As a matter of style, this analyst is not comfortable planning for failure, and "possible failure of the world's financial system" is what would be anticipated by a breakout above $500/ounce. Arguably, there must be more constructive ways of investing.
Apart from the area of unlisted equities - which has been examined in preceding articles - Silver offers the possibility of a two way bet, as can be seen from the following chart:

Yes, the PMO oscillator is also apparently bouncing down from its 1983 level - but in this case, the 1983 level coincided with a silver price per ounce that was roughly double its current level (as opposed to gold at roughly 5% above its current level).
In terms of "values", silver is significantly undervalued relative to gold on an historical basis.
Also of significance is the fact that the 1999 low in gold's PMO oscillator was lower than the 1985 low, whereas the 2002 low in silver's PMO oscillator was significantly higher than its 1987 low. Technically, the "nuances" are pointing to a possibility that if both gold and silver are undervalued and are in Primary Rising Trends, silver may have significantly greater longer term upside than gold.
Ultimately what is attracting this analyst to silver in preference to gold is that the relative upside potential is not dependent on a general failure of the world's financial system. Silver is absolutely undervalued from a long term perspective - regardless of the state of the world's financial system.
So, the question arises: Are there any nuances and/or hints that silver may be stirring relative to gold?
Flowing from the following two charts (courtesy StockCharts.com), the short answer is that:


From a medium term perspective, Silver is also seriously oversold relative to the $XAU (which might very well mean that the $XAU is setting itself up for a pullback)

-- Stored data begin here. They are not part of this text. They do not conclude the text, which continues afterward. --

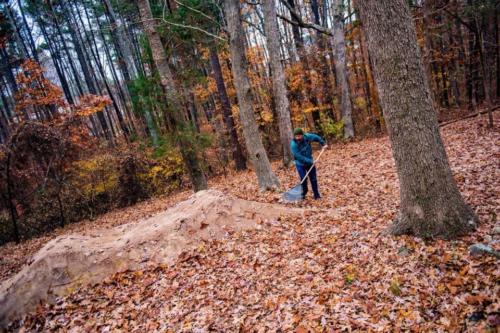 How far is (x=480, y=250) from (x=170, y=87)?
8.60 m

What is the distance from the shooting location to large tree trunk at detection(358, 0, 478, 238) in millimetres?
3586

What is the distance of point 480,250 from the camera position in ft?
11.3

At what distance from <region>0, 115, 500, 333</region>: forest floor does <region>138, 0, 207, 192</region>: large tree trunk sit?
440 cm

However, from a short term perspective, silver is seriously overbought in terms of the oscillators - and could be due for one last correction which might shake out the few remaining stale bulls

Summary and Conclusions
Buy signals on the Precious Metals charts should probably be taken seriously against a background of the notions of these assets being relatively under-valued and in Primary Bull Trends.
Silver seems to offer more upside than gold in the longer term
Silver is fairly seriously overbought at present and could pull back in one final "shakeout" of the stale bulls.